WORK INSTRUCTIONS:
Write out each line of the material exactly as given, and drop the images.

--- DATASET SECTION ---

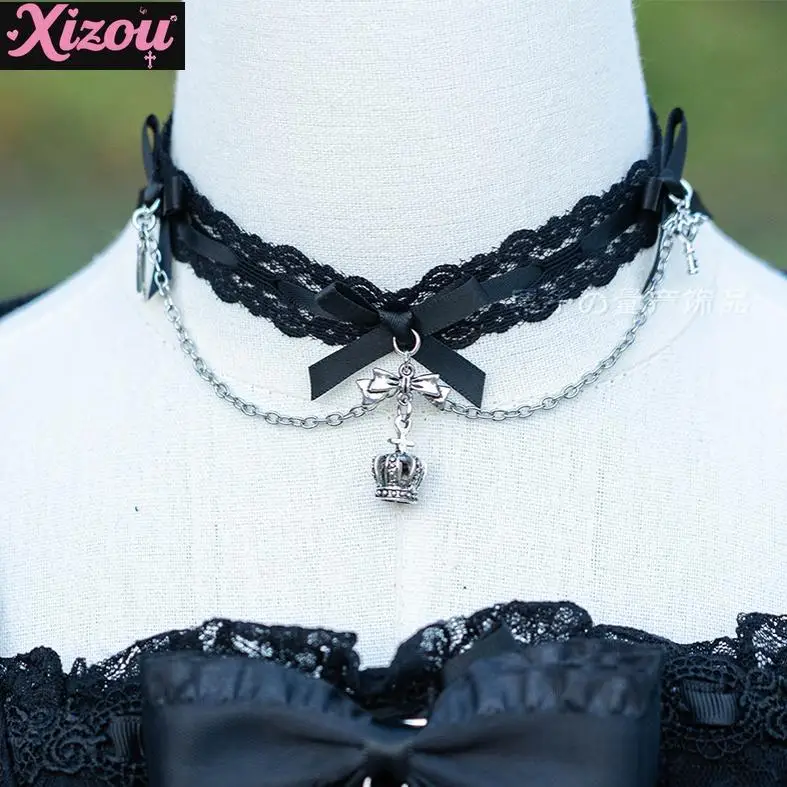 

Original Dark Loli Original Handmade Tianlei Black and Pink Handmade Collar Necklace Collar Gothic Lolita Accessories Female
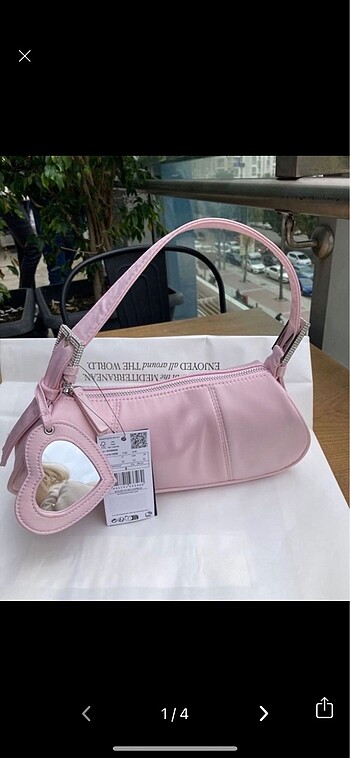 Mango Pembe Kalp Aynalı Çanta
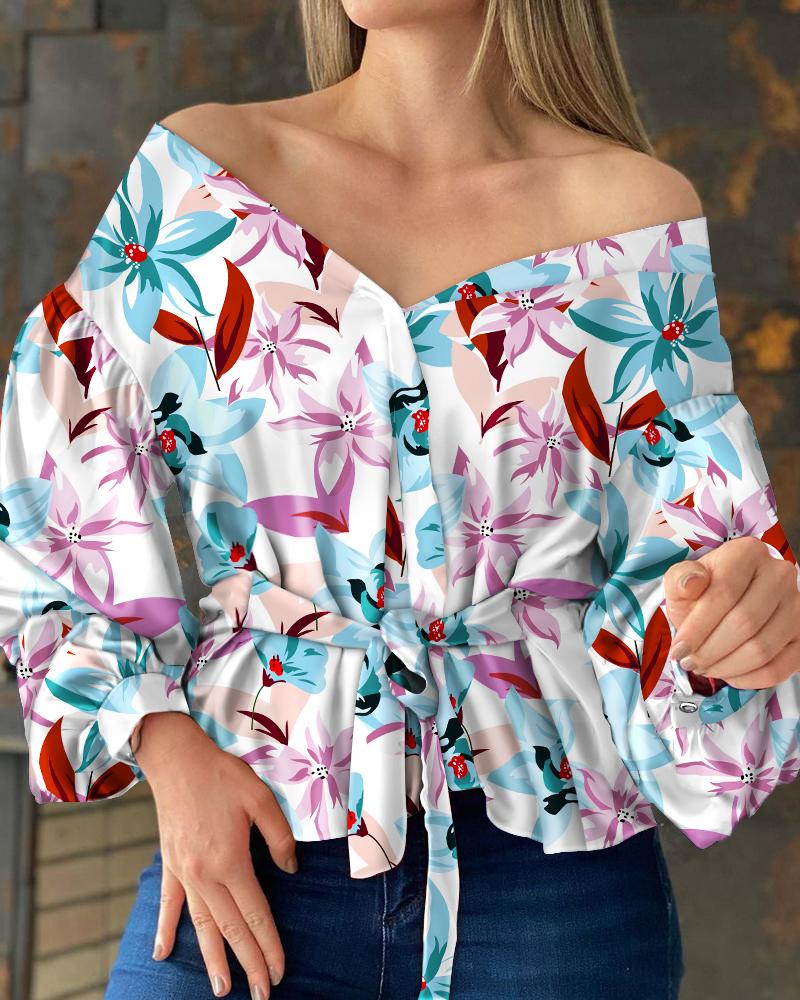 

Floral Print Off Shoulder Lantern Sleeve Tie Front Top, Multicolor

---

EXPECTED OUTPUT:
Original Dark Loli Original Handmade Tianlei Black and Pink Handmade Collar Necklace Collar Gothic Lolita Accessories Female
 Mango Pembe Kalp Aynalı Çanta

Floral Print Off Shoulder Lantern Sleeve Tie Front Top, Multicolor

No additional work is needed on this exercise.